It’s the first Saturday of the month which means it’s time for another Six Degrees of Separation, hosted by Kate of Books are my Favourite and Best. The idea is that Kate chooses a book to use as a starting point and then we have to link it to six other books of our choice to form a chain. A book doesn’t have to be connected to all of the others on the list – only to the one next to it in the chain.
This month we’re starting with The End of the Affair by Graham Greene. As usual, it’s a book that I haven’t read! Here’s what it’s about:
“This is a record of hate far more than of love,” writes Maurice Bendrix in the opening passages of The End of the Affair, and it is a strange hate indeed that compels him to set down the retrospective account of his adulterous affair with Sarah Miles.
Now, a year after Sarah’s death, Bendrix seeks to exorcise the persistence of his passion by retracing its course from obsessive love to love-hate. At first, he believes he hates Sarah and her husband, Henry. Yet as he delves deeper into his emotional outlook, Bendrix’s hatred shifts to the God he feels has broken his life, but whose existence at last comes to recognize.
I really didn’t know where to start with this month’s chain. I haven’t read anything at all by Graham Greene, so I tried to think of other books about the end of an affair but came up with nothing. I’m afraid I’ll have to take the easy way out and just link to another book with the word ‘affair’ in the title: The Daffodil Affair by Michael Innes (1). This is part of the Inspector Appleby mystery series but is not a typical detective novel at all. It has a very bizarre plot involving a mind-reading horse, a missing girl and a haunted house! It’s not an Appleby novel that I can recommend; I found it too strange and not what I’d expected when I picked it up.
Daffodil is the name of the horse in the above novel; a book which really is about a flower is The Black Tulip by Alexandre Dumas (2). Dumas is a favourite author of mine and although this book, set in the Netherlands in the 17th century, is much less well known than The Count of Monte Cristo or The Three Musketeers, I still loved it. A book about a contest between two men who both hope to grow the world’s first black tulip may not sound very exciting, but in Dumas’ hands it certainly is! It actually has some similar themes to The Count of Monte Cristo, but is a much shorter novel and could be a good starting point if you’re new to Dumas and daunted by the length of his other books.
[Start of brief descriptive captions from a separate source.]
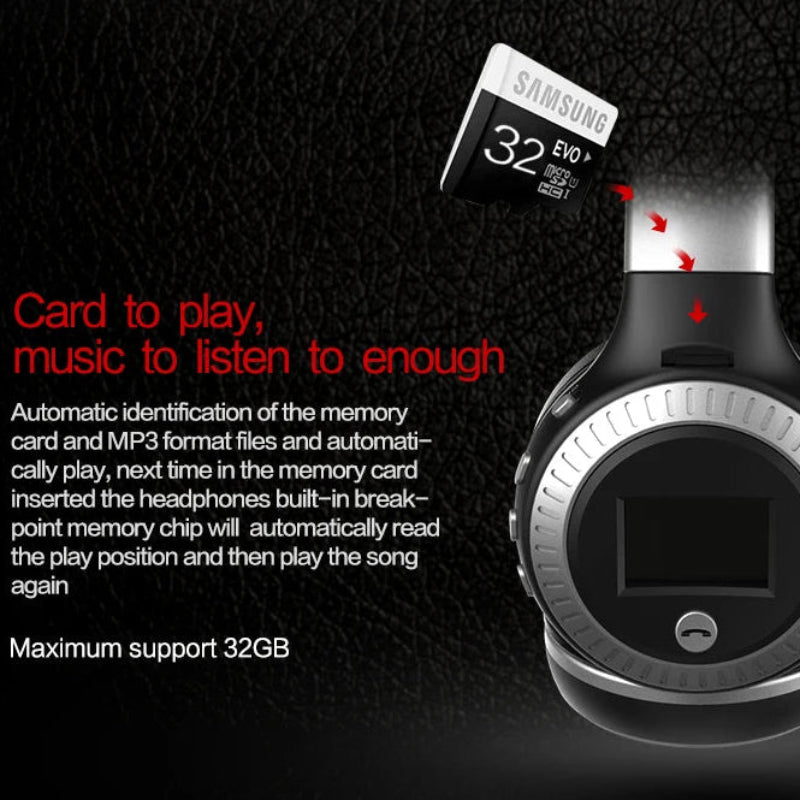 Black and silver headphones with a Samsung memory card on a dark background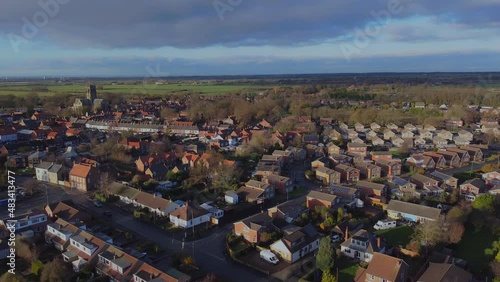 Drone above suburban houses in English market town countryside. Filmed East Yorkshire. England. UK  photo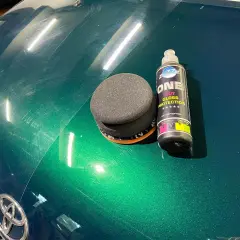 Zestaw do ręcznego polerowania auta: gąbka i butelka z preparatem "ONE CUT GLOSS PROTECTION". Widać zarysowania na zielonym lakierze.
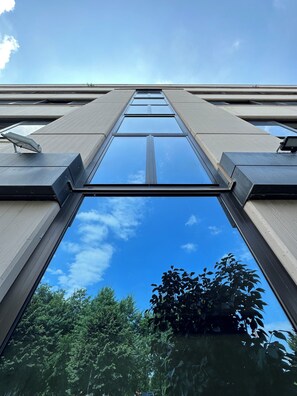 A modern building with large glass windows and a clear view of the sky and trees.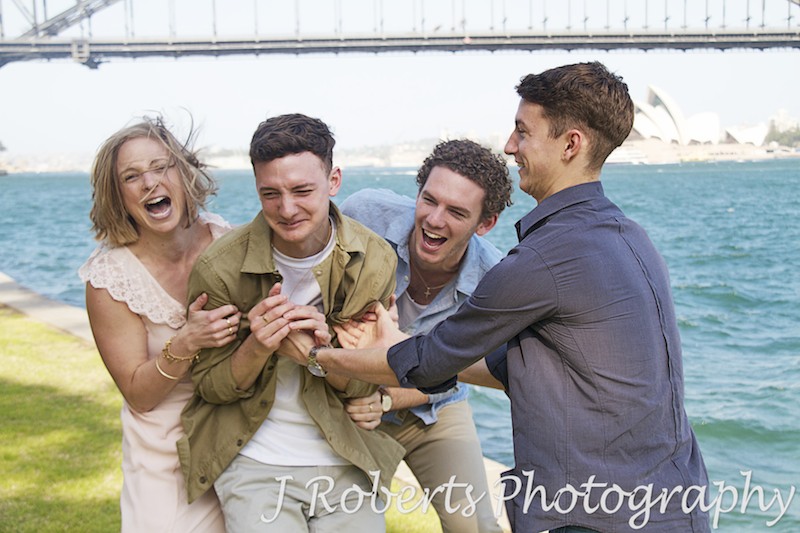 brothers and sisters tickling and having fun. Harbour views - Family Portrait Photography Sydney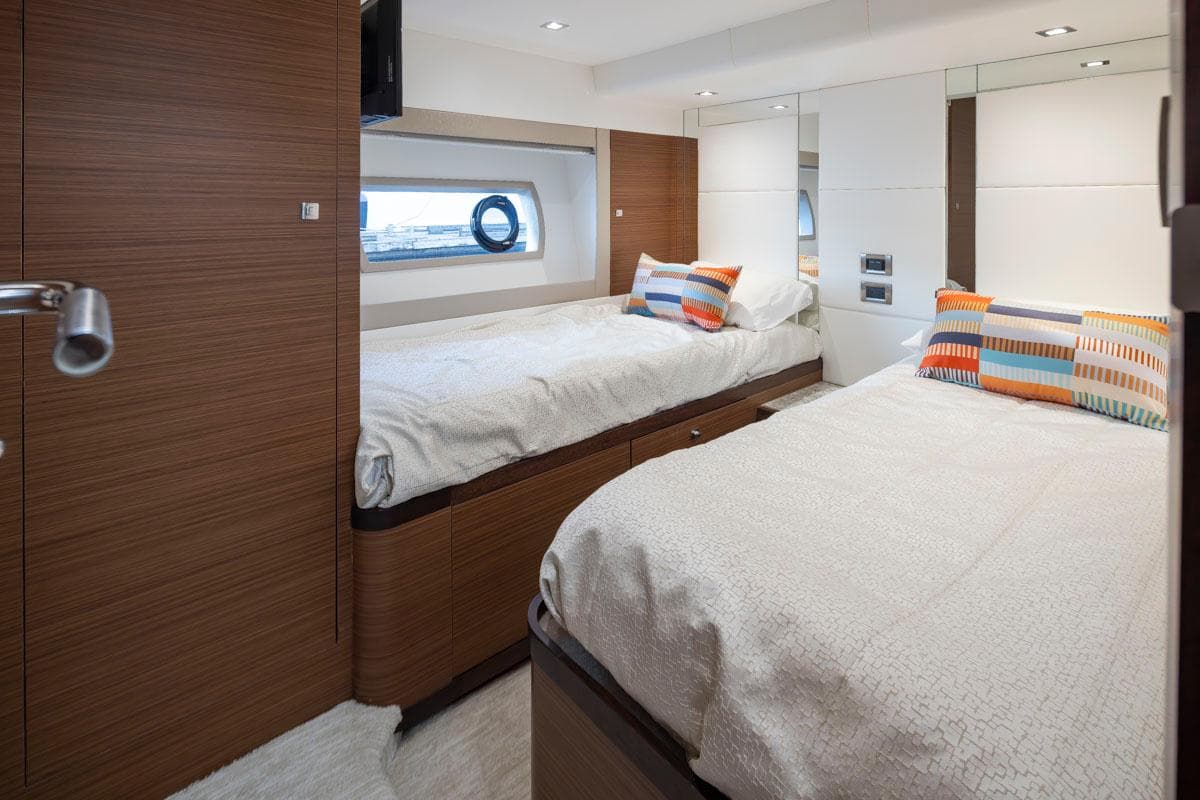 Luxurious cabin interior of 2017 Ocean Alexander 70e yacht with twin beds and colorful pillows.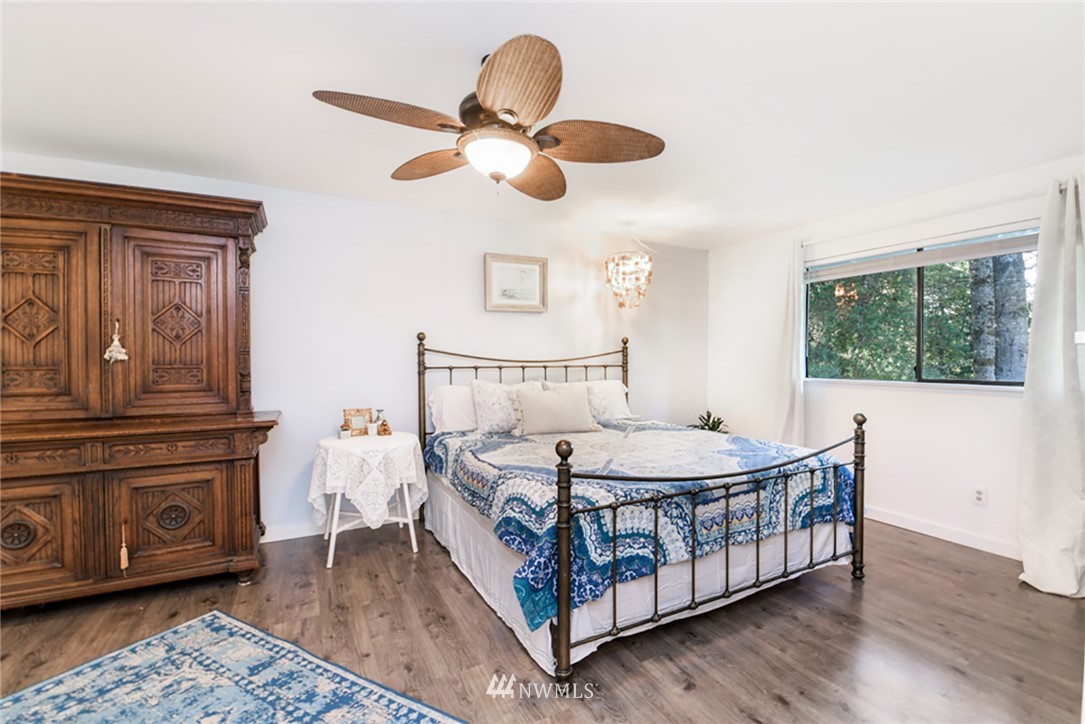 2507 Rocky Point Road Northwest Bremerton, WA 98312 - Photo 10 of 31 a bedroom with a bed and wooden floor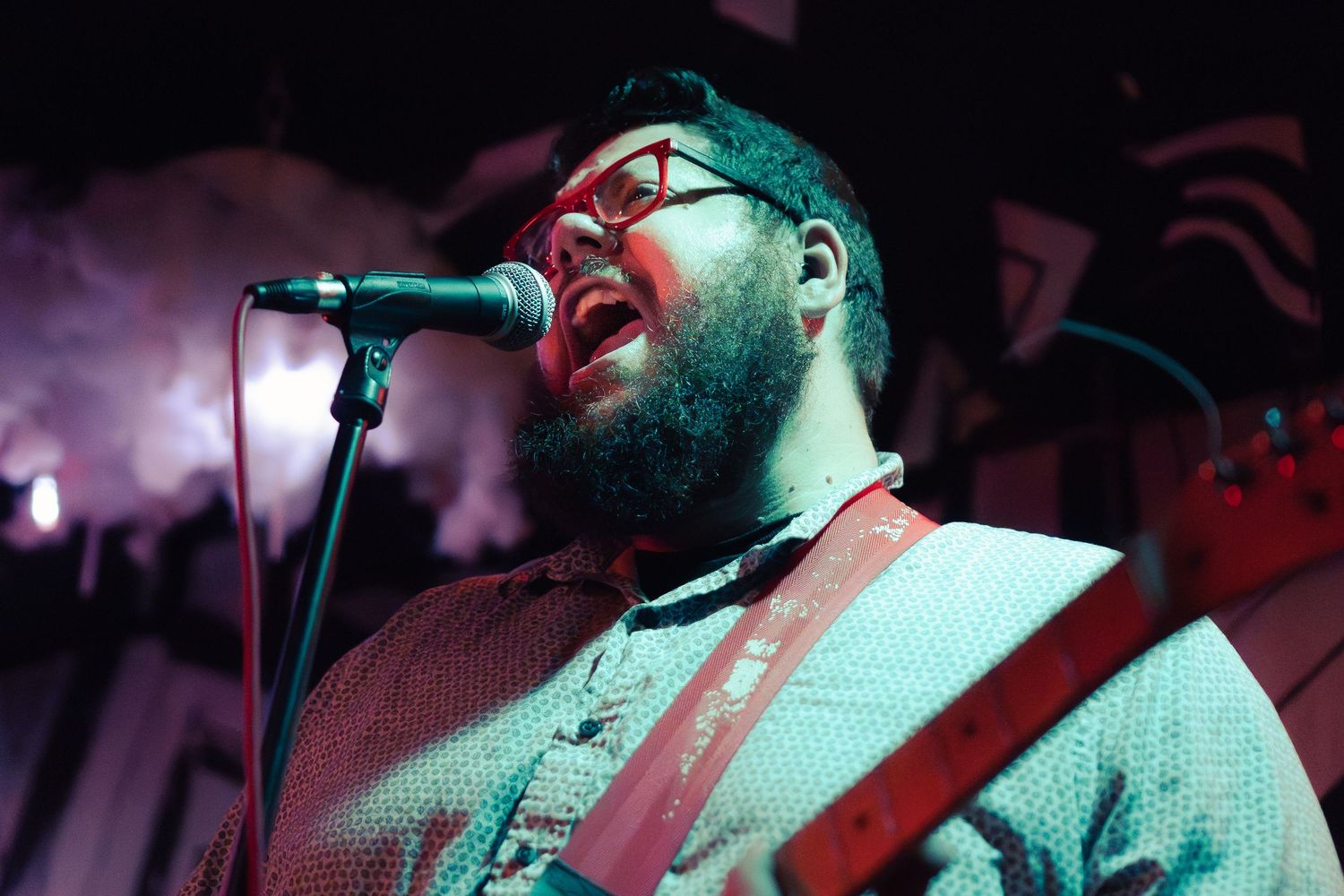 Singer performs passionately on stage with microphone in dark concert lighting with red and blue hues.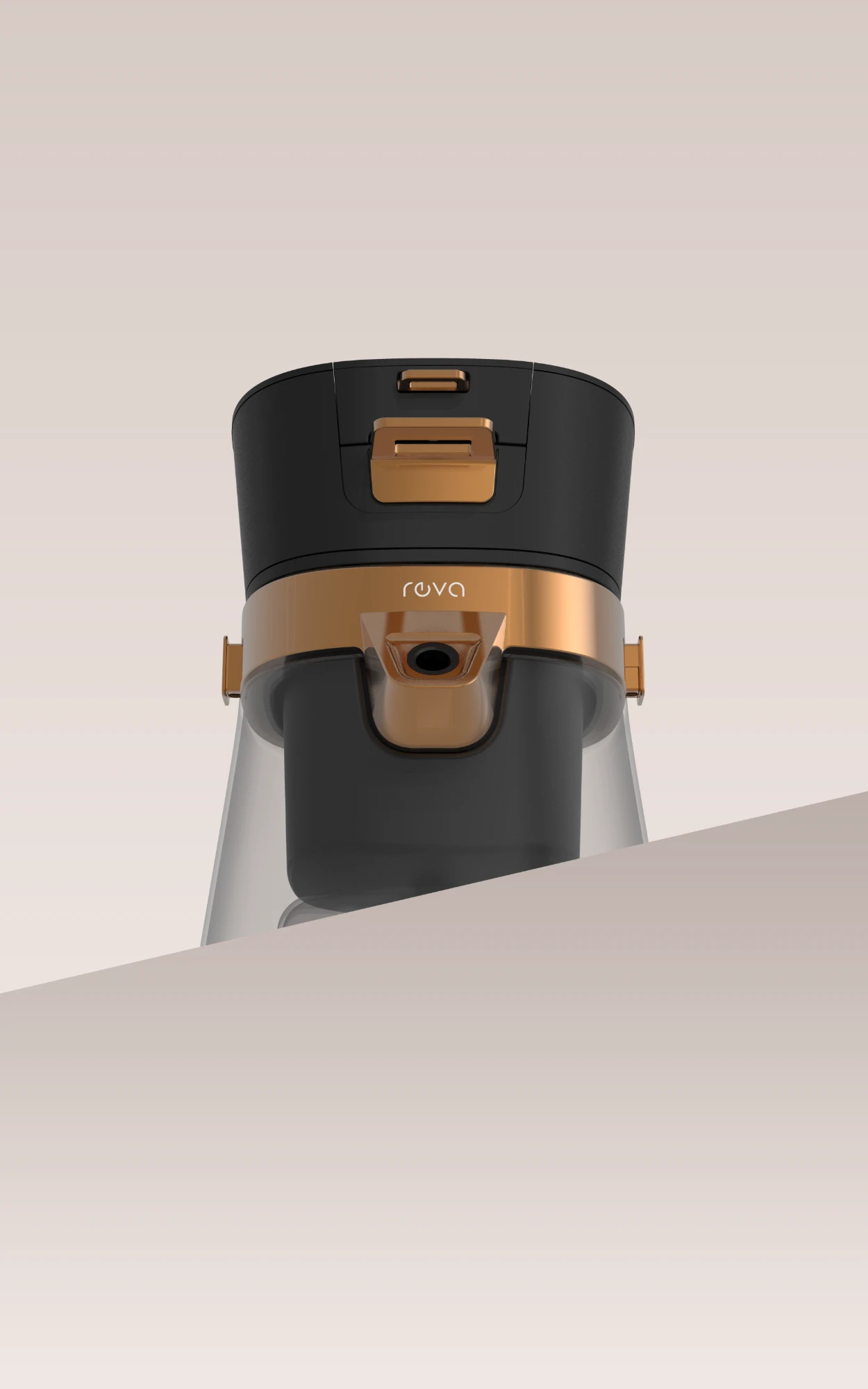 The reva device, black with a gold trim band, photographed close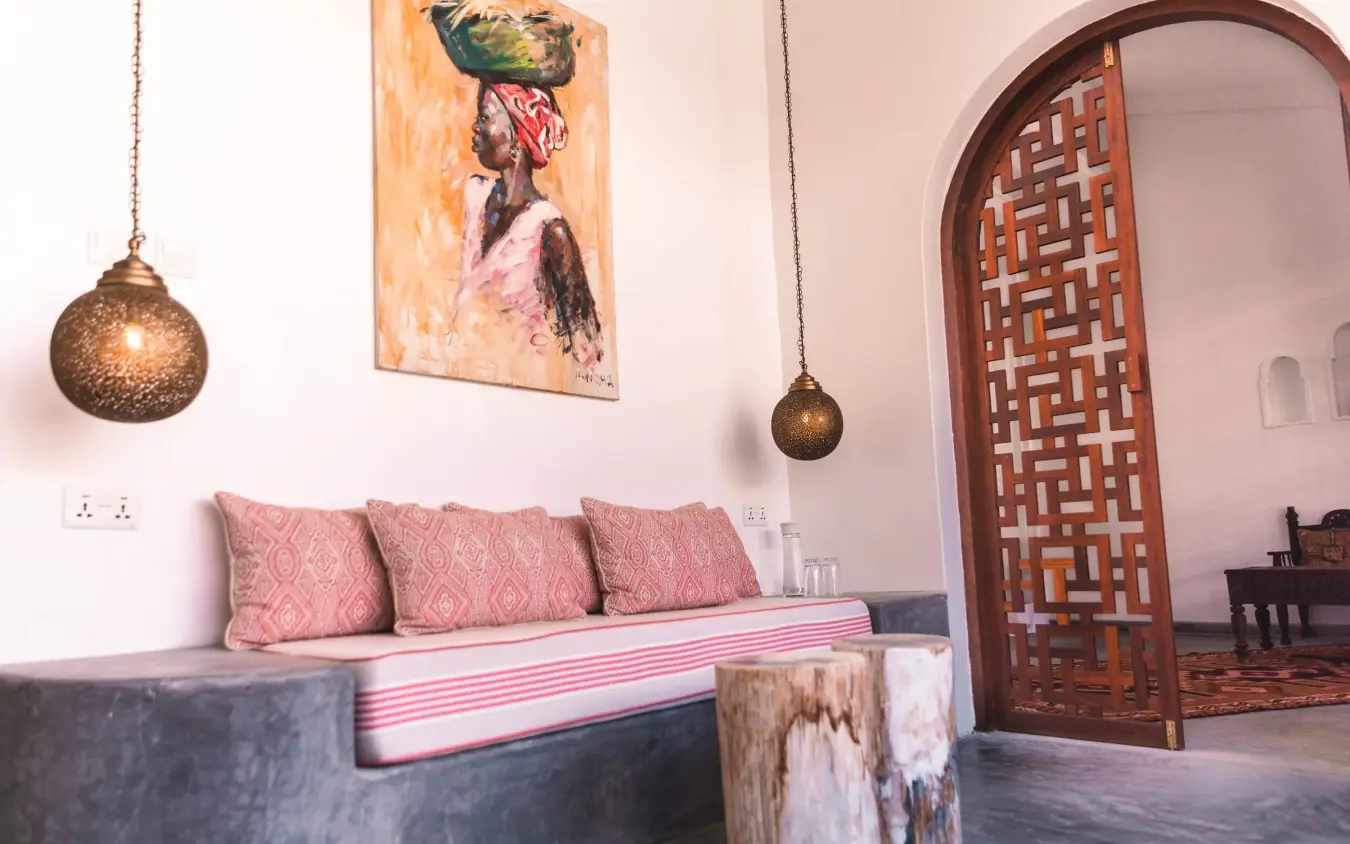 Interior seating area with pink cushions and wooden door, The Fort, Lamu Archipelago, Kenya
Rags of Time by Michael Ward (3) is the first book in a series of historical mysteries featuring Tom Tallant, a London spice merchant, and set, like The Black Tulip, in the 17th century. This first novel takes us to Amsterdam during the period known as ‘Tulipmania’ where tulip bulbs are being bought and sold for higher and higher prices. I found this part of the book fascinating, particularly the descriptions of the Dutch practice of windhandel, or ‘trading in promises’. As I was putting this post together, I noticed that the cover of the book says “The murder was just the beginning of the affair,” so I could actually have linked this to The End of the Affair and used it as the first link in my chain!
In Rags of Time, Tom teams up with Elizabeth Seymour, a young woman who is a keen astronomer. Swithin St Cleeve in Two on a Tower by Thomas Hardy (4), is also an astronomer – or at least he dreams of becoming one. When Lady Constantine allows him to create an observatory in a tower on her land, the two meet in the tower to study the beauty of the night sky and gradually begin to fall in love, determined to overcome their differences in class and age. I found this a gentler story than some of Hardy’s others, less tragic but also less moving and although it’s still a book that I liked very much, it’s not a favourite of mine.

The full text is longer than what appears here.